I went straight to the camp location in New Jersey. As before, there was a thin, toxic shimmer to the aetheric mists over the location, but this was stronger than before—and it seemed to have a sense of me, as well. I stopped well short of the vague, twisting shapes that shrouded the area, but it seemed that I couldn’t stop drifting toward them. Troubling—and then I realized that I had stopped, after all.

The mists were reaching out for me.

I quickly propelled my aetheric body backward, but a whisper of dark shimmer brushed me as I did, and a black, cold pain shot through me. It shouldn’t have happened; nothing should have been able to affect me on the aetheric level, not in this form. But I felt it like a freezing electrical shock, and tumbled away from it, out of control, driven by a panic even I couldn’t fully understand.

There was something there. Something alive. Something hungry.

It wasn’t Pearl, but it was an aspect of her. An avatar, waiting for the unwary Djinn or Warden. The chill I’d felt had been her leech battening on me to drain away all of my aetheric energy ... all that I’d borrowed from Luis, and all that powered the cells of my human body as well. This was new, and deadly indeed, if it could attack Wardens, and not only the Djinn.

Pearl was growing stronger, and I’d allowed that to happen. It was as Ashan had told me in the beginning: She was drawing power from humans, and from Wardens, and if she wasn’t stopped, she’d soon have enough to destroy all of the Djinn as well—a ravening black hole consuming all that it touched.

I experimented a bit with the trembling black fog, seeing what triggered it to move closer and what it would ignore. That was a dangerous game, and it brought me into contact with the mist more than once. By the time I’d done my investigation, and gathered enough information, I was once again running dangerously thin on reserves—but it was worth it.

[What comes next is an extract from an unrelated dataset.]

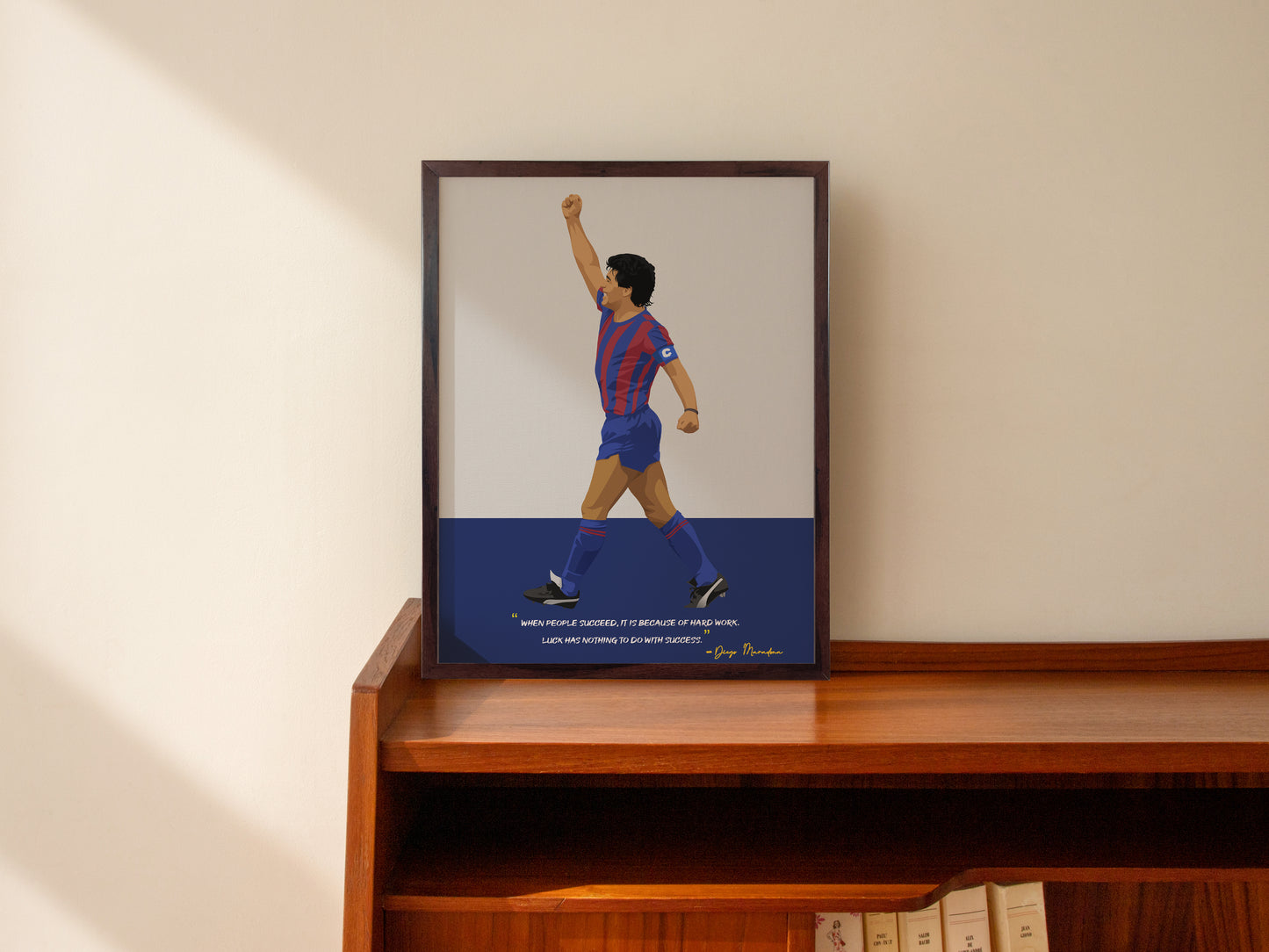 Diego Maradona Barcelona Framed Poster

I knew enough to get a warning through.

My next call was to Luis, again, to give him the information, location, and findings; he would tell Marion, who would coordinate the Wardens and warn the Djinn, such as remained on speaking terms with us. Luis brought up the issue of power, for which I was thankful; I hadn’t wanted to ask a second time. This time, the flowing energy was stronger, and the images and desires it woke in me more pronounced.

Not something I could share with Luis, but I was relieved when he said, a little hesitantly, “Do you want me to stay on the phone? I’m on some downtime. I could go up with you to take a look, see what you’re up against.”

The idea of seeing him, even in aetheric form, was irresistible, and the tone of his voice seemed to indicate that he wanted at least some kind of reconciliation. I forced myself to hesitate before saying yes, hoping I didn’t sound as desperate as I felt; if he sensed it, he had the kindness not to say anything. Our good-byes were nonexistent again, but I left the phone on and the channel open, and rose into the aetheric. The cell phone would be a great help, since humans could not easily speak on the aetheric, and even Djinn sometimes found that their conversations took on confusing, unintended overtones in the realm of energy and intentions.